Irish Fine Art in the Early Modern Period: New Perspectives on Artistic Practice, 1620–1820
€29.99 – €85.00
Eds. Jane Fenlon, Ruth Kenny, Caroline Pegum, Brendan Rooney (Eds)
September 2016
Irish Fine Art in the Early Modern Period presents the finest contemporary research on Irish fine art from the 17th and 18th centuries. The contributors, both established and emergent Irish art historians, approach the production and reception of fine art in this period with substantial new work on a wide range of fascinating themes.
Description
This richly illustrated book presents the latest research into Irish fine art from the 17th and 18th centuries. It is comprised of a rich selection of case studies into artistic practice that showcase the burgeoning nature of fine art media in Ireland, the quality of production, and the breadth of patronage. Investigating these signifiers of a ‘cultured’ lifestyle – their production, consumption, appreciation, display, and discourse – provides fascinating insights into the sensibility of Ireland’s minority-rule elites, and the practitioners it fostered.
Featuring contributions from emergent and established art historians, Irish Fine Art in the Early Modern Period takes its subject matter beyond the realms of academic journals, exhibitions and conferences, and presents it within a lavishly designed and vital publication that presents substantial new insights into Ireland’s artistic and social history.
Table of Contents
- ‘Parliament as Theatre: Francis Wheatley’s The Irish House of Commons Revisited’, Fintan Cullen.

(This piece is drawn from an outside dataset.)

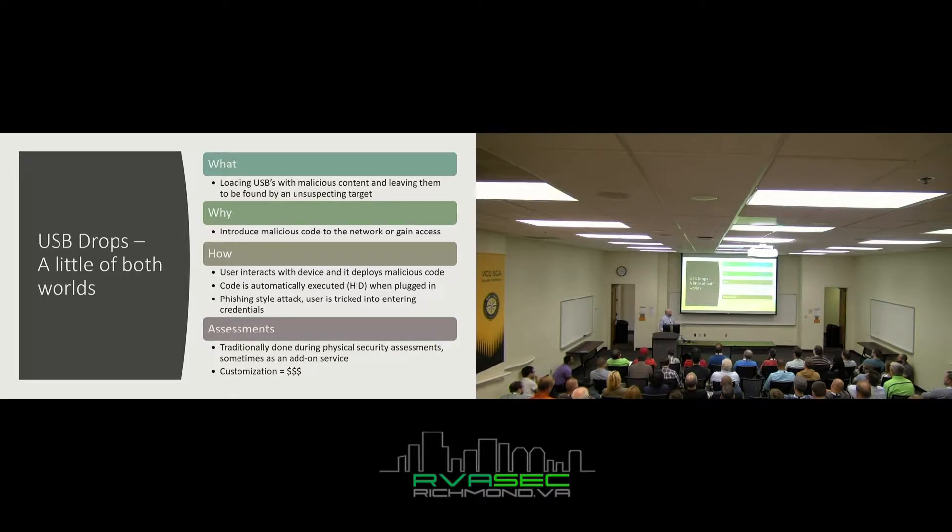As far as assessments go, you don't traditionally do just a USB assessment in isolation. It's usually done during a physical security assessment as an add-on, or included in service. The more you customize it, the more it costs. But USB drop assessments on their own are one of the cheaper services most pen testing companies offer — you can usually do this in a couple of hours or a day or so.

- ‘Theft, Concealment and Exposure: Nathaniel Hone’s The Spartan Boy’, William Laffan.
- ‘Commerce, Conquest and Change: Thomas Hickey’s John Mowbray, Calcutta Merchant, attended by a Banian and a Messenger’, Siobhan McDermott.
- ‘Artistic connections between Dublin and London in the early-Georgian period: James Latham and Joseph Highmore’, Jacqueline Riding.
- ‘The “Strange and Unaccountable” John Van Nost: The Making of a Sculptural Career in Eighteenth-Century Ireland’, M.G. Sullivan.
- ‘An Irish Teniers? The Development of Paintings of Everyday Life in Ireland, c.1780–c.1810’, Mary Jane Boland.
- ‘The Portrait Collection in the Great Hall of the Royal Hospital Kilmainham, Dublin’, Jane Fenlon.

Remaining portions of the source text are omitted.